* [Exercise instructions]
Within the listing below, give again exactly the lines between the one containing "Sose felejts el nevetni" and the one containing "Aliens On Mushrooms Radio 014", inclusive, pictures left aside.

* [Material shown]
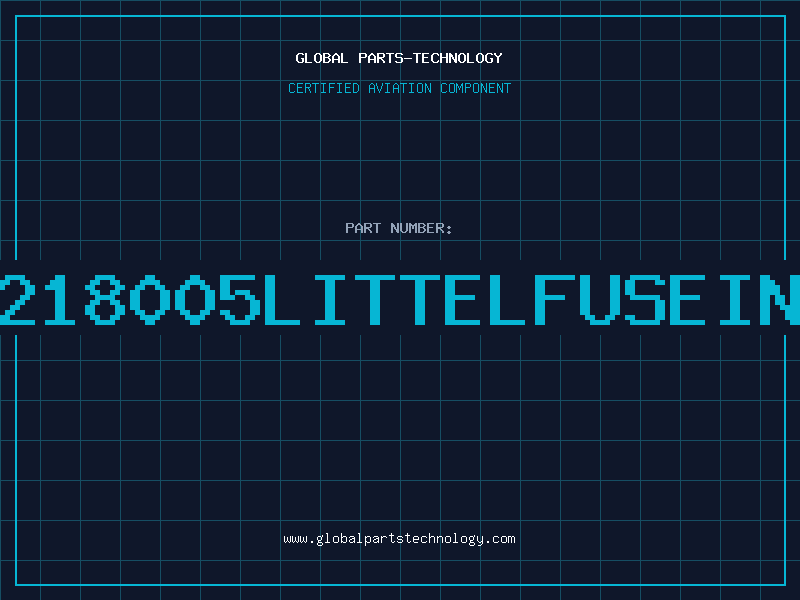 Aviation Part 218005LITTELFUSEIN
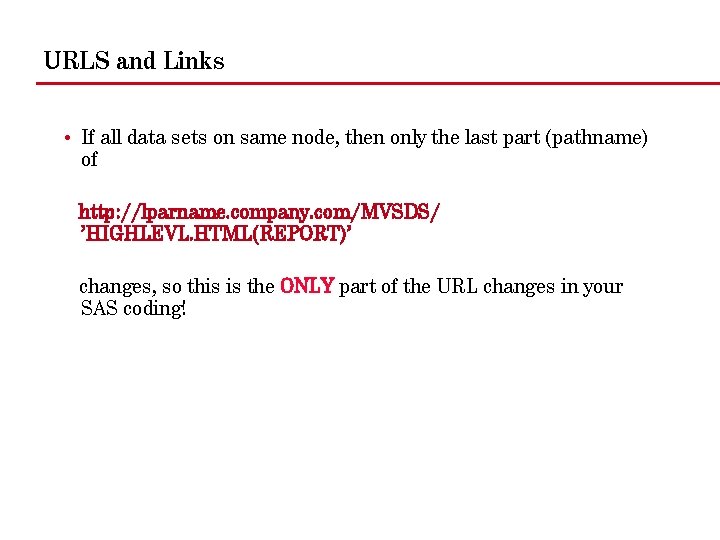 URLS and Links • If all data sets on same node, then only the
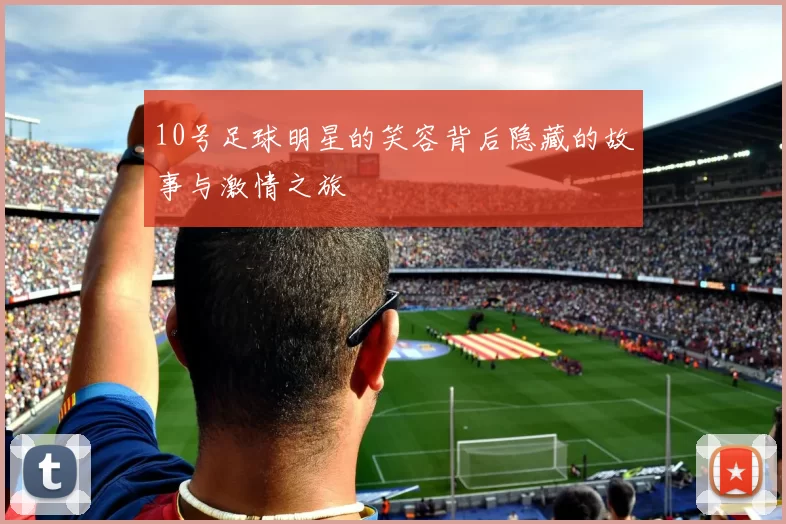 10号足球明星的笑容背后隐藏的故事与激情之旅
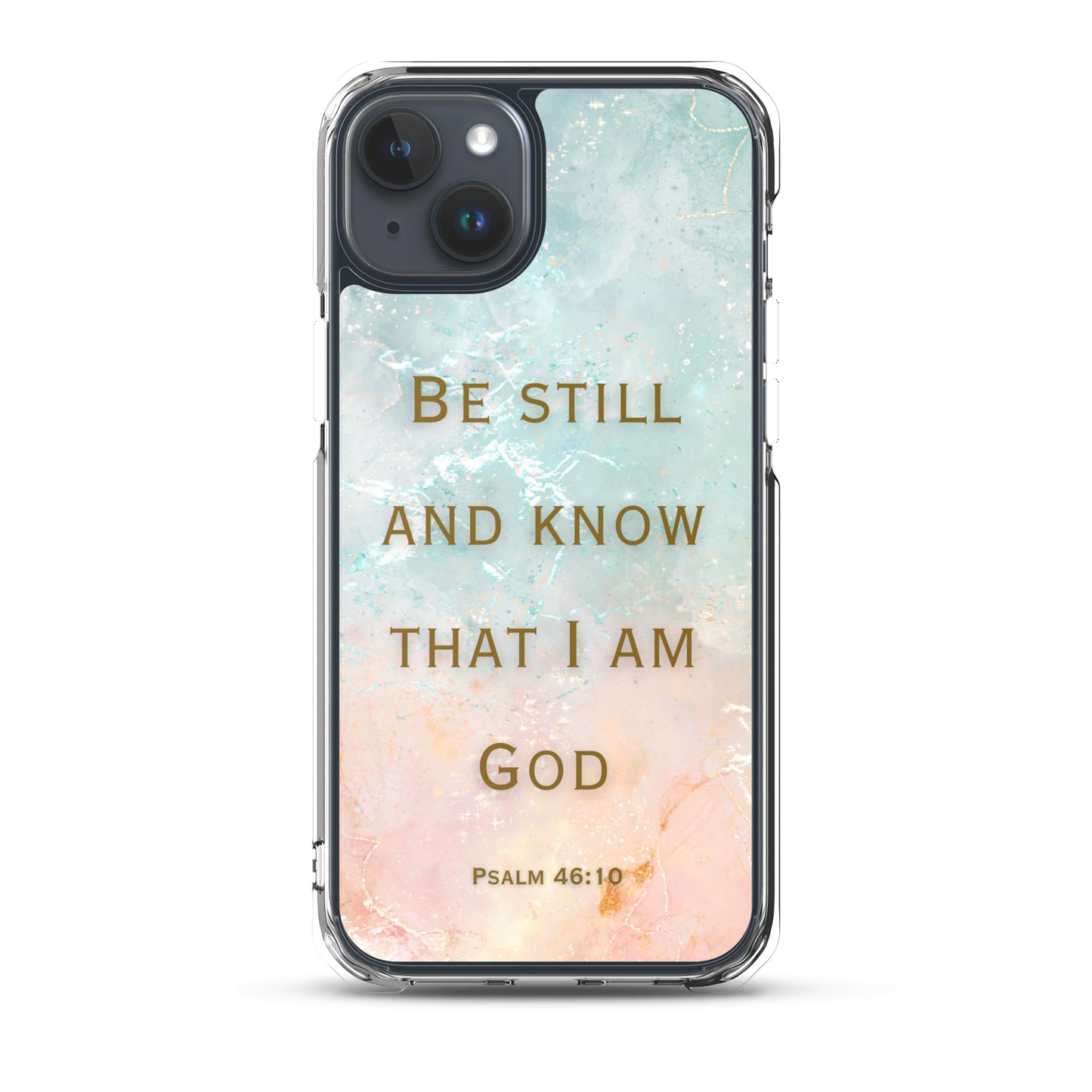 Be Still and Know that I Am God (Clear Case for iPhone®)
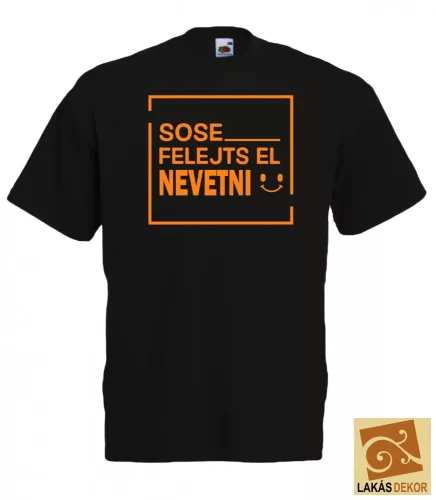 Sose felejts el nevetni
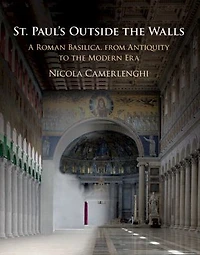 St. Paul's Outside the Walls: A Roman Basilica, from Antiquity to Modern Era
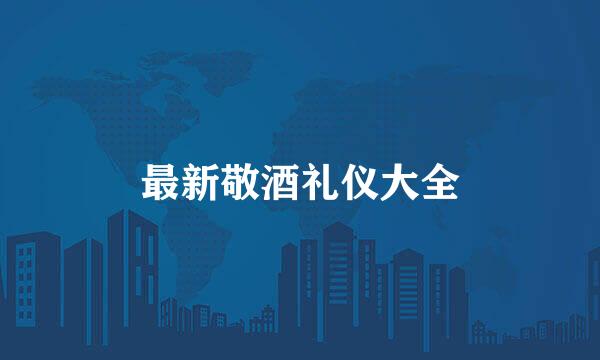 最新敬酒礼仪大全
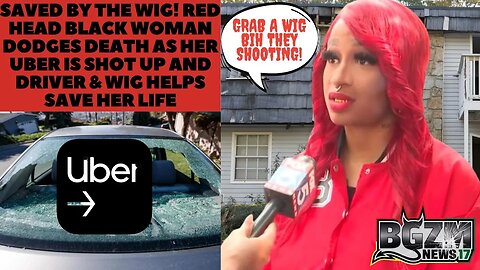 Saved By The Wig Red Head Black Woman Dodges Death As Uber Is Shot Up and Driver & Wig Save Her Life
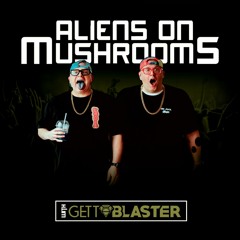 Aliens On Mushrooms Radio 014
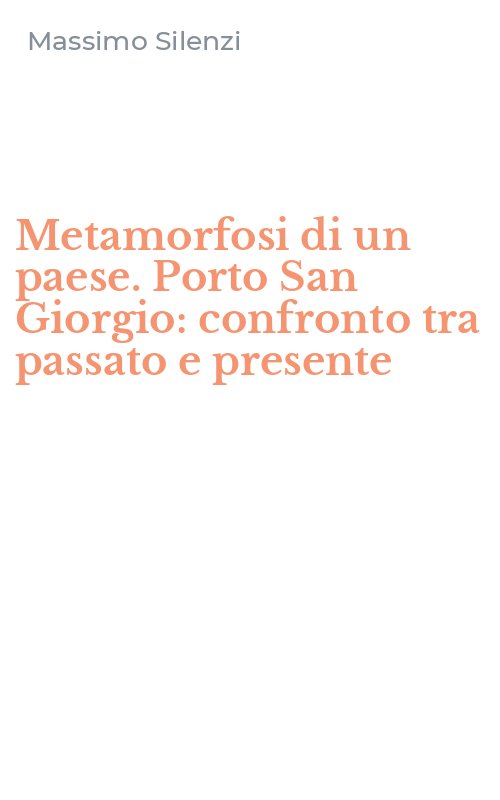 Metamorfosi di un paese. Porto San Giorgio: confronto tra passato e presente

* [Response for this exercise]
 Sose felejts el nevetni
 St. Paul's Outside the Walls: A Roman Basilica, from Antiquity to Modern Era
 最新敬酒礼仪大全
 Saved By The Wig Red Head Black Woman Dodges Death As Uber Is Shot Up and Driver & Wig Save Her Life
 Aliens On Mushrooms Radio 014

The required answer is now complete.